----- GIVEN DATA
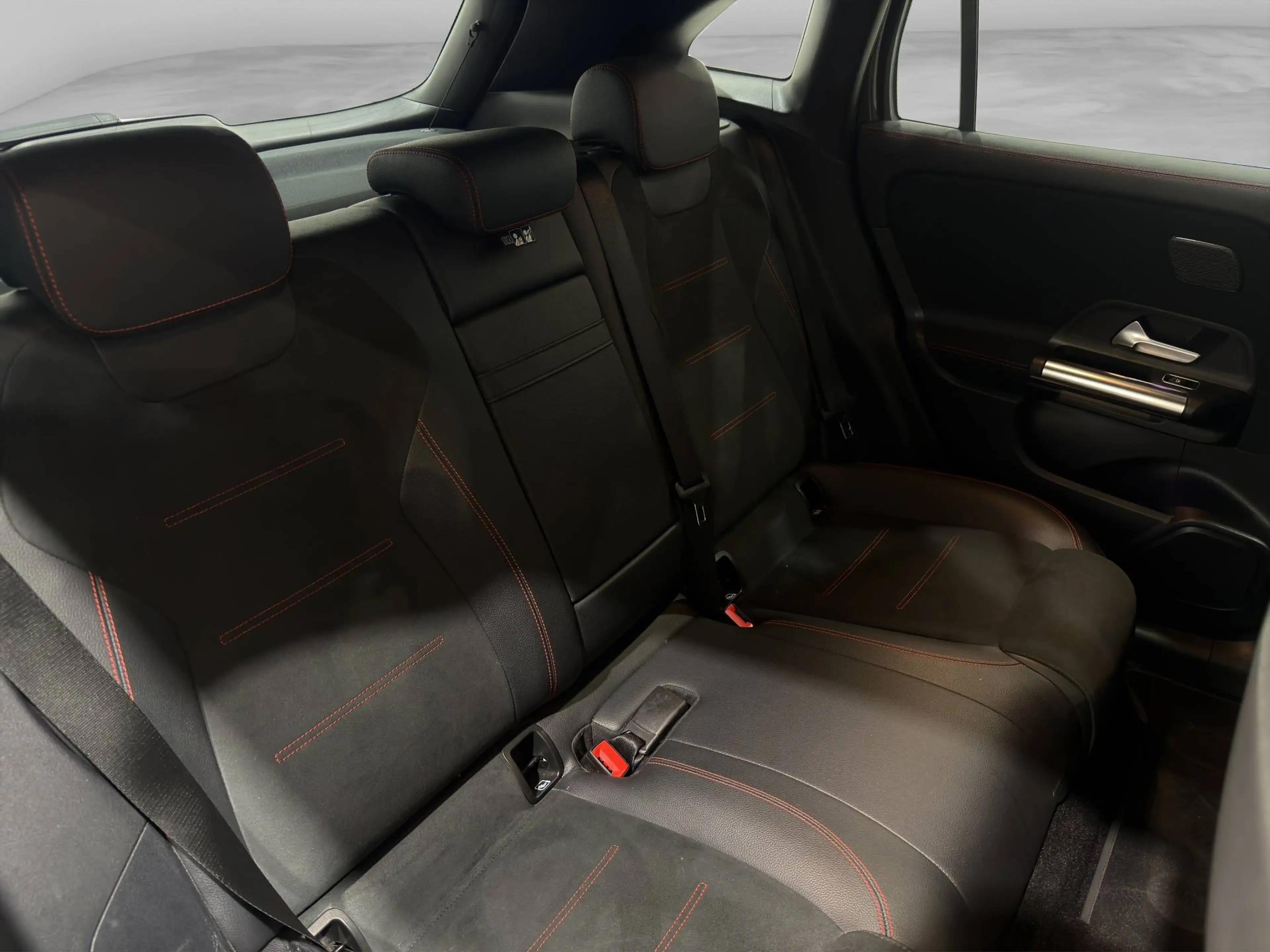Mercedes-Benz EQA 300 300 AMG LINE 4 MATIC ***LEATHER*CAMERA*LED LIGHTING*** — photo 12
----------
----- GIVEN DATA
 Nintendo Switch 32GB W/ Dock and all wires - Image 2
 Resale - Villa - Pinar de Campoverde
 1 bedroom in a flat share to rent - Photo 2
----------
----- GIVEN DATA
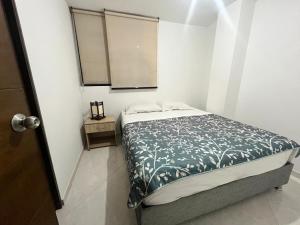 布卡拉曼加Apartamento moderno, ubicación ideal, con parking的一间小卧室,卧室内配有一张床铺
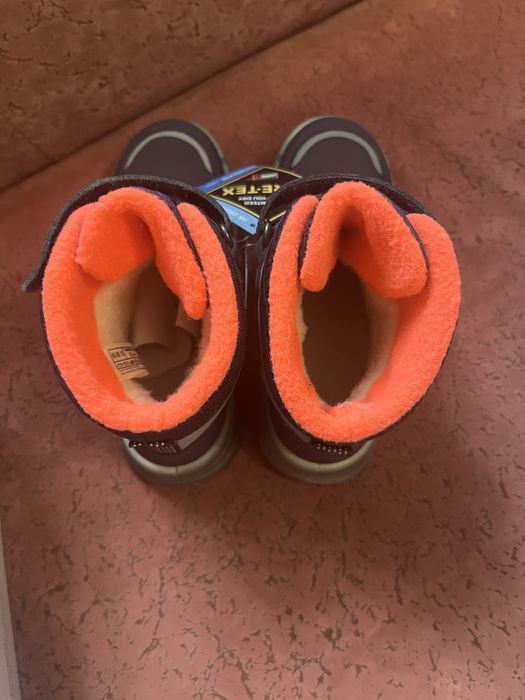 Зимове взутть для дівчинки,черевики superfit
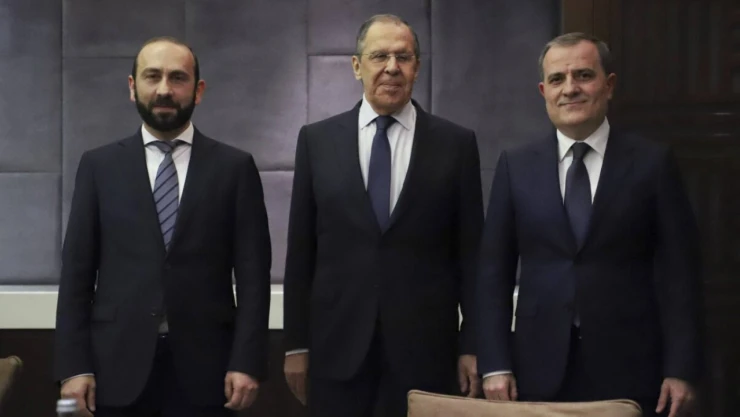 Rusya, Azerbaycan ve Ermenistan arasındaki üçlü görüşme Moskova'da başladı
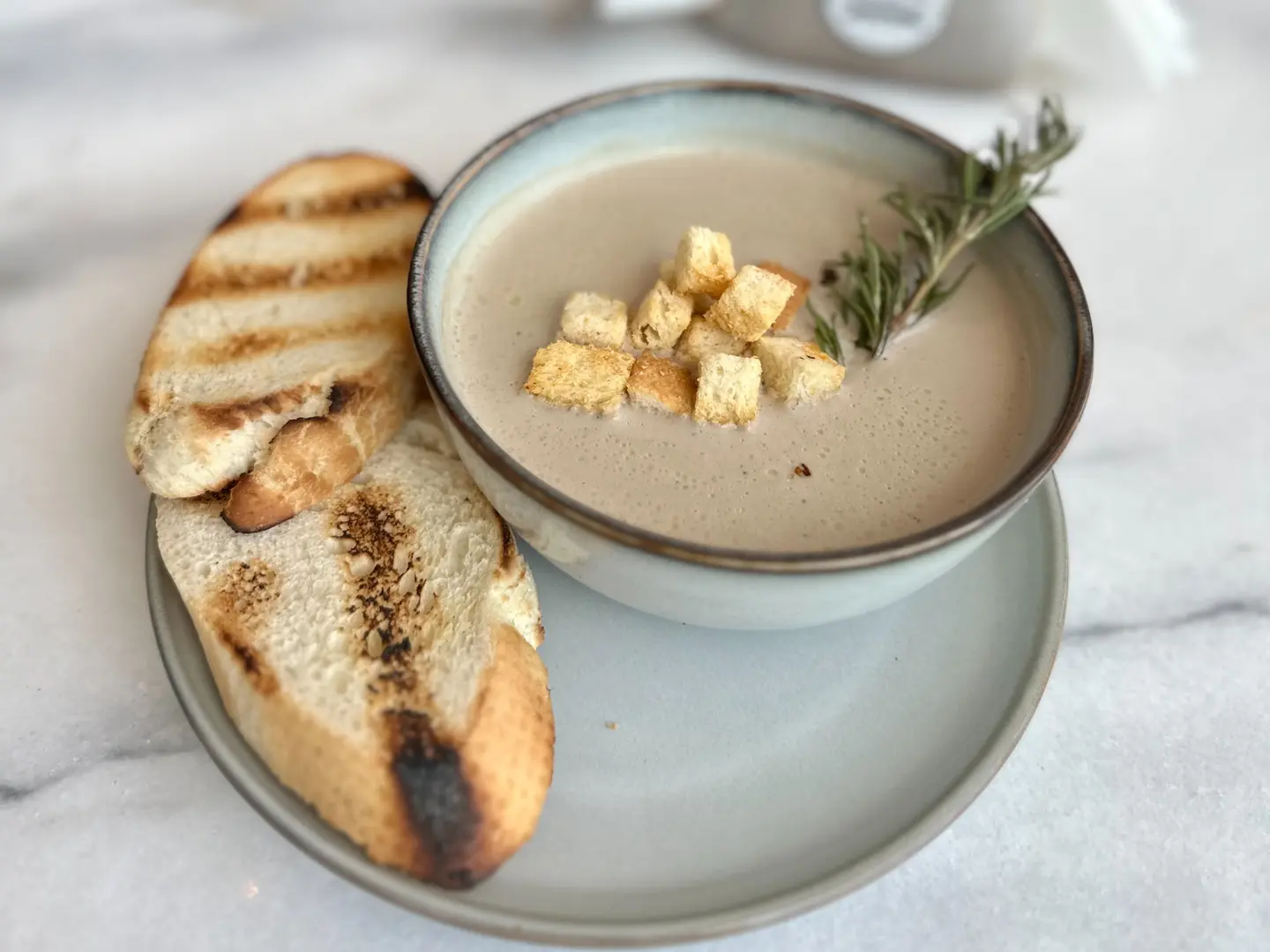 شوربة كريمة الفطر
----------
Retype, in the same exact form, the lines of the material above from the line holding "Resale - Villa - Pinar de Campoverde" through the line holding "1 bedroom in a flat share to rent - Photo 2".

◆ **EXERCISE RESPONSE**
 Resale - Villa - Pinar de Campoverde
 1 bedroom in a flat share to rent - Photo 2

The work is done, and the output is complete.